El periodista fue liberado hacia las 8 de la noche del mismo día, pero su celular y material periodístico le fueron usurpados por parte de un mando de la Policía Estatal.

El reportero declaró a ARTICLE 19 que se encontraba realizando un trabajo periodístico sobre la construcción del aeropuerto de Santa Lucía tomando imágenes y video de las obras. Posteriormente, una patrulla de la PM se acercó a preguntarles quiénes eran y qué estaban haciendo allí. Al observar que sus escoltas estaban armados, los efectivos militares deciden detenerlos.

Relata ARTICLE 19 que aunque Padgett y sus acompañantes se identificaron y mostraron los permisos de portación de las armas, fueron llevados a las instalaciones de la Procuraduría General de Justicia del Estado de México en Tecámac, donde fueron entregados a un mando de Policía Estatal por el presunto delito de “portación de arma de fuego sin licencia”.

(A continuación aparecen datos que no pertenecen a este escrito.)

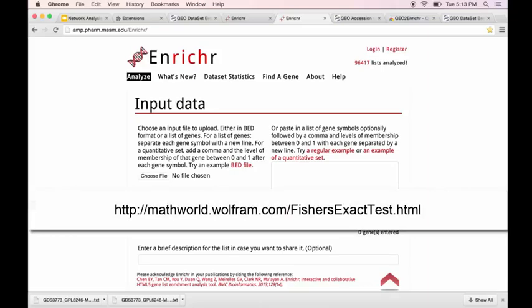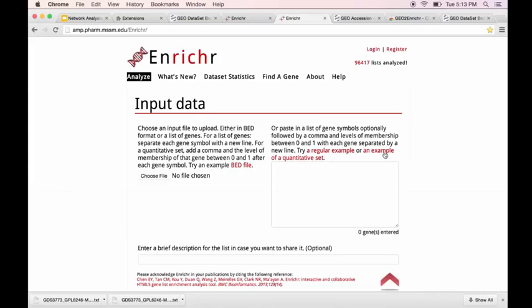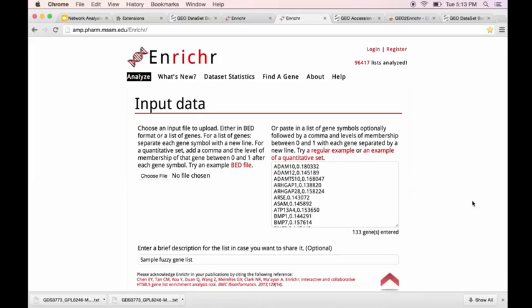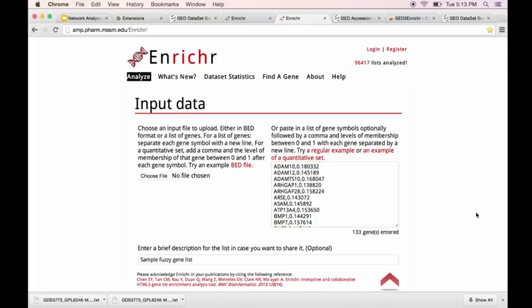So let's look at an example. So on the UI, it actually has this button to click, an example of a quantitative set. And here you see a list of genes, comma-separated, with a membership value. And so this is called a fuzzy set. So with a crisp set, an element is either in the set or it's not in the set. With a fuzzy set, there's a statistical likelihood that it is in the set. And so here you see the ADAM10 has a membership value of 0.180332.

ARTICLE 19 conoció que la presentación del periodista por parte de las autoridades militares no fue admitida por parte de la Procuraduría al no encontrarse delito alguno que imputar. No obstante, según el testimonio del reportero, al encontrarse en esas instalaciones un mando de la Policía Estatal procede a ordenar que lo esposen y le quiten el celular. El reportero es entonces trasladado al Ministerio Público Federal de Ecatepec para insistir con la idea de imputar al periodista por el mismo delito.

En la entrada del MP Federal de Ecatepec, el periodista afirma que el comandante de la Policía Estatal le propuso que borrara las imágenes que pudieran afectar a la Policía Estatal a cambio de regresarle el teléfono. El reportero se niega a esta propuesta y no habiendo lugar a la imputación de delito alguno, es liberado junto a sus escoltas. Sin embargo, el teléfono móvil que le fue sustraído a Padgett por el mando de Policía Estatal no fue devuelto.

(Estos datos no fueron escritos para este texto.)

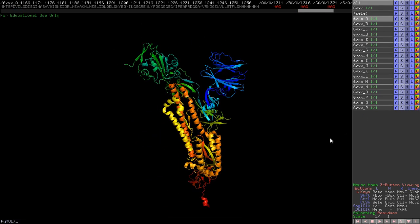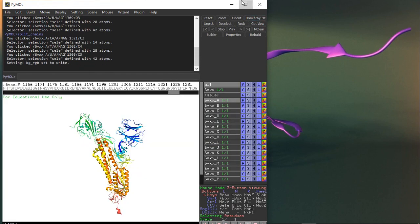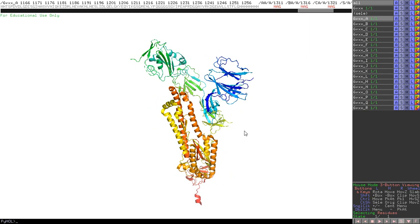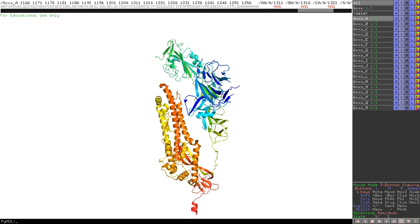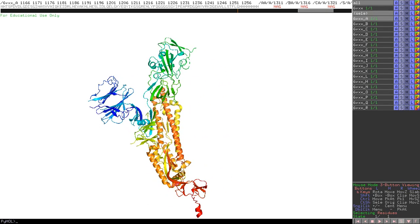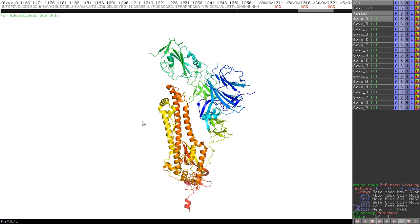If you would like to change the background, either input some script or go to 'Display', then 'Background', then 'Color White' - as simple as that. So with this slide and the presentation, I have given information about how to use PyMOL to get information about the protein structure - the monomeric structure of the spike glycoprotein, what is the first sequence, what is the last sequence, and how to deal with this protein to get information about the COVID virus. In the next class I will get more information on how the spike protein interacts with the human ACE2 receptor. Thank you.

Ante esta situación, la Secretaría de la Defensa Nacional emitió un boletín respecto al incidente donde acusó al reportero de ingresar “mintiendo” a la Base Aérea de Santa Lucía, de estar realizando “levantamiento de video” sin autorización y de haber “tratado de huir” al ser sorprendido grabando.

Condena la organización que en ese mismo sentido, el Presidente de la República señaló el 2 de agosto, en la mañana, que la detención del periodista se debía a una “imprudencia” del mismo puesto que su gobierno “no reprimía”.

“Dentro del debate periodístico sobre las formas de acceder a fuentes y de obtener información de interés público es válido discutir si las condiciones de ingreso del periodista a las obras del aeropuerto no fueron las idóneas. Resulta razonable que elementos de la Policía Militar aborden al periodista a indagar por sus acciones. Sin embargo, de ahí en adelante la respuesta de la Policía Militar fue desproporcionada y errática. Es inadmisible que se prive de la libertad durante 9 horas a un periodista que estaba realizando labores de reportería y se le pretenda imputar el delito de portación de arma de fuego. De igual modo, es inaceptable que un comandante de la Policía Estatal le haya usurpado el celular y le indique que se lo regresaría a cambio de la eliminación de información de interés público”, puntualiza ARTICLE 19 en su  denuncia de los hechos.

Por ello, ARTICLE 19 considera que, ejerciendo su rol de garante de la libre expresión y con la certeza de que los permisos de portación de las armas de los escoltas y la identidad del periodista eran legítimos, la Policía Militar pudo haber escoltado a la salida al periodista y a sus escoltas, en lugar de insistir en un inexistente delito.